- DIRECTIONS -
Copy the listing exactly as given. Omit every picture.

- PROVIDED MATERIAL -
::::::::::
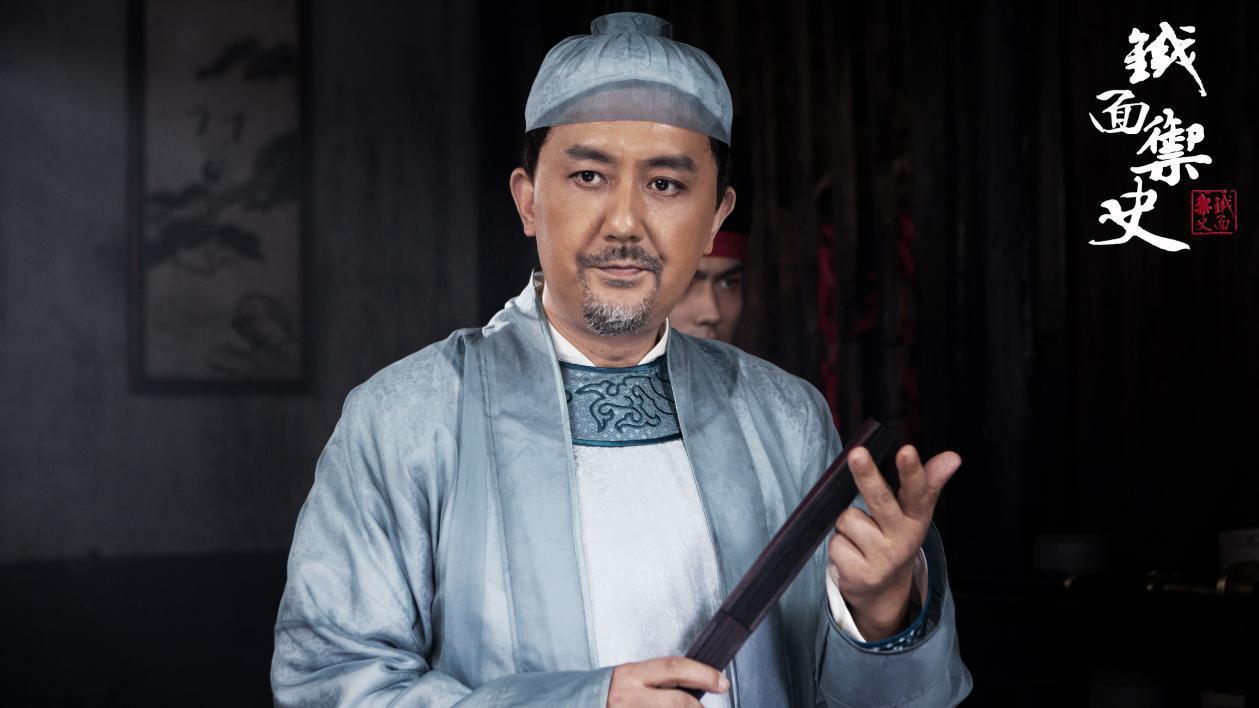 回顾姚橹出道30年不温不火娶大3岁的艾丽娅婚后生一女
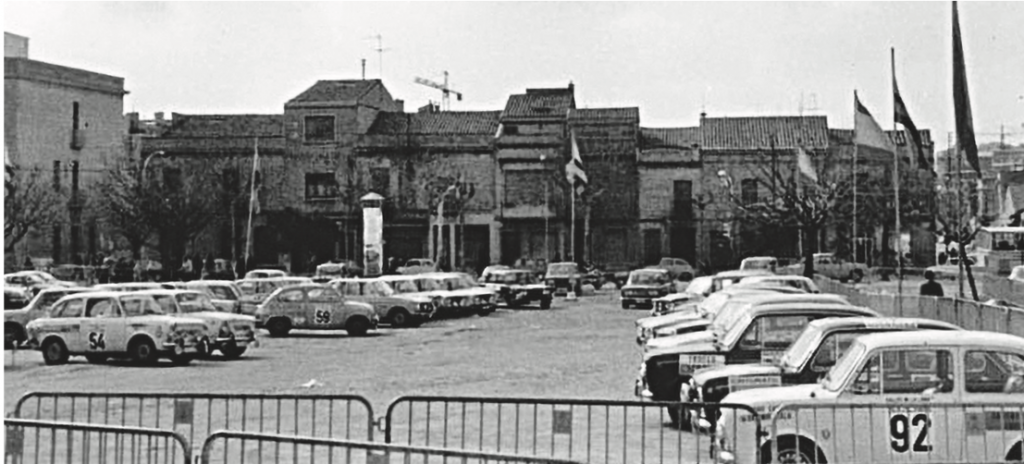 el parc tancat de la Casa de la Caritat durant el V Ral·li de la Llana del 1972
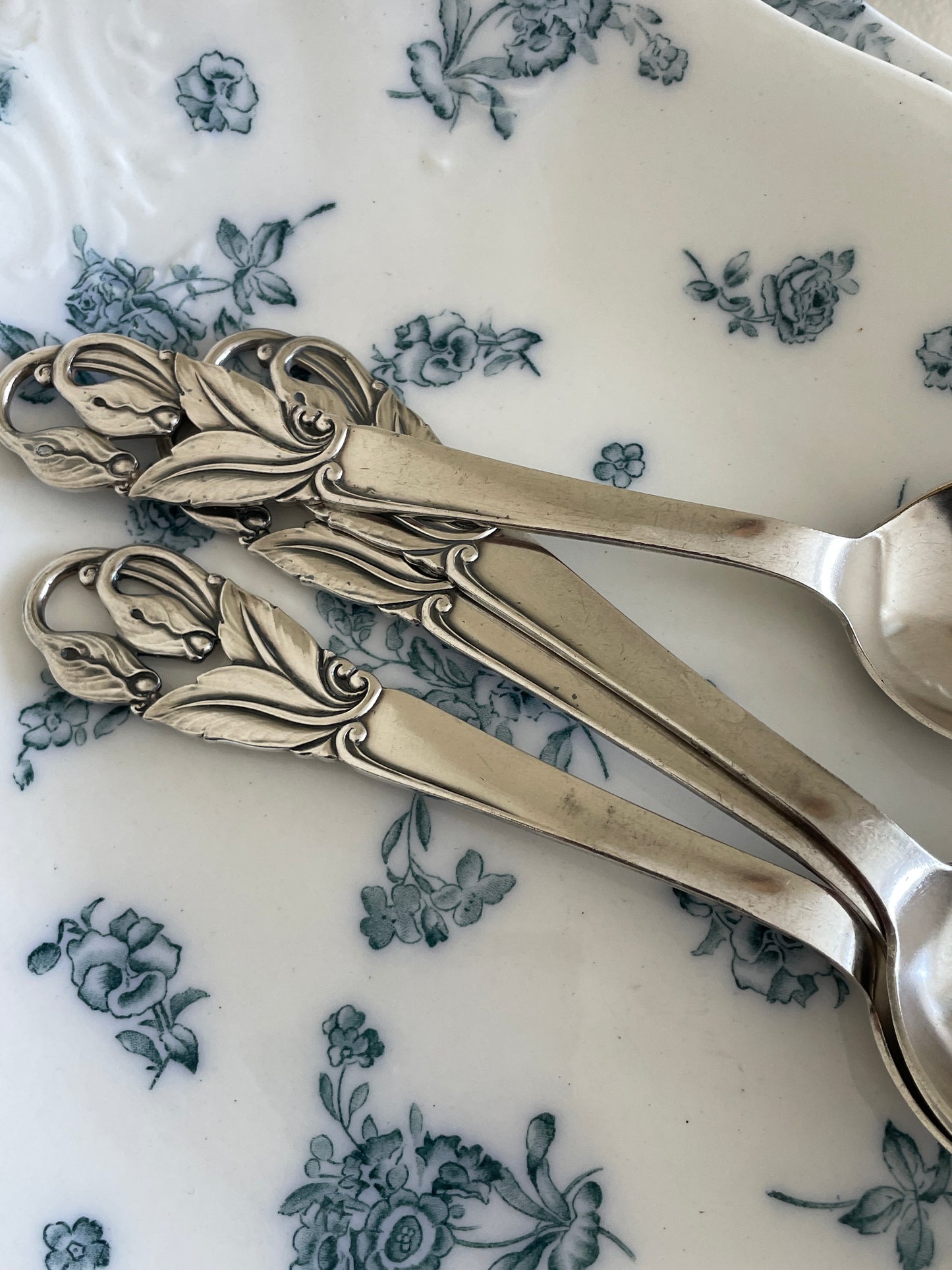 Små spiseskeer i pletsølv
::::::::::
- ANSWER SPACE -
 回顾姚橹出道30年不温不火娶大3岁的艾丽娅婚后生一女
 el parc tancat de la Casa de la Caritat durant el V Ral·li de la Llana del 1972
 Små spiseskeer i pletsølv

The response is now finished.